# Go bankrupt??



## georgeeeee (13 Aug 2012)

Hi I would be grateful of some advise on what direction to take..  I have a masonette house which cost me 150 thousand and is now valued at 50000, I can no longer live there because i have epilepsy and the steps up are not suitable.  I cant no longer pay the mortgage as I have 3 children and am just getting by with the 188 euro I get weekly from disability benefit..  

I am concidering moving to the uk for a year and going bankrupt there, but am worried I would not be entitled to any benefit when I returned..  Living in the UK for life is not an option as I have children here that I could not stay away from for two long a period..  Can anyone advise me on the Irish bankruptcy rioute maybe this would be more suitable.  Any advise r opionions are welcome..  Many thanks in advance George


----------



## GDUFFY (14 Aug 2012)

If the house is not suitable any more , you should just surrender it back to the bank and go rent something more suitable for you and your family to live in . 
The bank will huff and puff and eventually sell it off at auction and get a judgment against you for the balance, if your only income is social welfare and you have no other assets or savings they haven't a hope of getting any court ordered payment against you . If your called to court to have your means examined, just be honest and open to the judge about your financial situation and he / she will protect you from the bank . The judgment becomes unenforceable after 12 years  .


----------



## Bronte (14 Aug 2012)

As Gduffy posted there is no need for you to go the UK route.  If you have no assets and income is only social welfare it's better to get the bank to take back the property.

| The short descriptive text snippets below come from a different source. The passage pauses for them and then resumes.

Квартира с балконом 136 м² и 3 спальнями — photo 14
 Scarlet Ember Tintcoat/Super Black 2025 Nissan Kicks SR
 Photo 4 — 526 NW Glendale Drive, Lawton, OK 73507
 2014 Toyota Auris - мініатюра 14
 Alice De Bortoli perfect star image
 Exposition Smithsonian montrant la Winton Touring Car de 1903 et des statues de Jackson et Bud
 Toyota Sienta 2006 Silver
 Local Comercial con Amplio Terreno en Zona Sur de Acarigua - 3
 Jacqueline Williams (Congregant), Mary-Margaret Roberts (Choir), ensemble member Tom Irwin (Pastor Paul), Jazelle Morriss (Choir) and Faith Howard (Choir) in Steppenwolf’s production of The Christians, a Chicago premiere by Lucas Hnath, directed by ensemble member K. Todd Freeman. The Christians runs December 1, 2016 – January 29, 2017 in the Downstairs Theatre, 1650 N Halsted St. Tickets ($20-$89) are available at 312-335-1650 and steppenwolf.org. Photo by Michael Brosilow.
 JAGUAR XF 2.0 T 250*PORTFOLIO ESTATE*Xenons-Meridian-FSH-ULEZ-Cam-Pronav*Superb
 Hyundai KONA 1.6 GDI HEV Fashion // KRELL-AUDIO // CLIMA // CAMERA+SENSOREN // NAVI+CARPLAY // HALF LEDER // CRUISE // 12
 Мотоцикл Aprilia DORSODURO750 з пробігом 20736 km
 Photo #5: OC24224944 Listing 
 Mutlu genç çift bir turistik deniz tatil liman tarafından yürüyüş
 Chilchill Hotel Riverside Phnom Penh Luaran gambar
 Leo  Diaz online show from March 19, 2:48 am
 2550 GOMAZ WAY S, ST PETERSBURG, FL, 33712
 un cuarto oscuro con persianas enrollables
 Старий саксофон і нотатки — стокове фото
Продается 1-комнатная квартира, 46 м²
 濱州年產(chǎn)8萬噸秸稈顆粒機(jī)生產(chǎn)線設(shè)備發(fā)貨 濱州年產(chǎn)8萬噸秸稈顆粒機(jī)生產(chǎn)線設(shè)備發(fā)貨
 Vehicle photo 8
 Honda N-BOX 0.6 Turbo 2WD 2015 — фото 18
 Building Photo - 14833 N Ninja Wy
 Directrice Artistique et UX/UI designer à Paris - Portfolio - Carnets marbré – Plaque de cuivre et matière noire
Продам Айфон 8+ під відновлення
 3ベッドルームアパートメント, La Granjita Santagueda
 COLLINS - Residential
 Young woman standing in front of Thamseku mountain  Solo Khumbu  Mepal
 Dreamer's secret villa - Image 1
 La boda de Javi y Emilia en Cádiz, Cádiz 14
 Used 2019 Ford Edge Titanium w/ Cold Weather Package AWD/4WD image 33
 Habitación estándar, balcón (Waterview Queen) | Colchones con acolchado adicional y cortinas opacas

As your illness precludes you from living in that house then move you must.  Any chance social welfare would be able to pay for the steps to be rectified or the health board?  There may be a grant for this. Presumably social welfare are paying for your mortgage, so the mortgage is not the problem ?


----------



## georgeeeee (14 Aug 2012)

I haven't paid my mortgage in 12 months, social welfare cant pay my mortgage not that I know off..  I had been getting mortgage interest supplement but that has run out.  

If I stay in Ireland and go bankrupt my concern is in the future I will inherit a site will the banks take that off me..  Seems like a long time to be followed for bankruptcy..  

I do not live with my ex-wife we separated a few years ago but I am still Very close to my children and would like to be able to leave them something when I go that why sometimes I think I would be best to go bankrupt in the UK...  

Thanks guys for taking the time to give me advise it seems I have nowhere to find the info I need to take the best possible rouite so as I can have something to give my children at a later date.


----------



## GDUFFY (14 Aug 2012)

You don't need to go Bankrupt here or in England . Tell the person who is going to will you a site to will it to your kids instead .Only problem I can see is if you rent another house after surrendering your home  you may have to pay the rent yourself for 6 months so you then qualify to apply for rent supplement . Maybe someone else knows more about this.

When the bank gets a judgment against you in court for the balance between the amount they sell the property for and the outstanding owed on your mortgage, the bank will then have a few avenues open to them to recover the judgment amount, more than likely they will ask for your income ,assets etc to be assessed by a judge , but from what you say you have no wealth/assets  and an income from social welfare only so the judge will tell the bank tough luck !  

The judgment will sit on your name for 12 years accruing 8% interest per year , if in that time the bank becomes aware you have won the lotto, inherited a house/land/money
got a well paying job etc. etc.
they may try get you reassessed by a judge to get their money back .
The judgment becomes void after 12 years from the original judgment date and you are free from it at that stage.


----------



## georgeeeee (14 Aug 2012)

Cheers GDUFFY for all the info... In an ideal word I am hoping to get the go ahead to drive get work etc when I am a year seizure free which wont be to next February..  

I really want to get back into work etc when this happens will they take most of my salary..

Thanks George


----------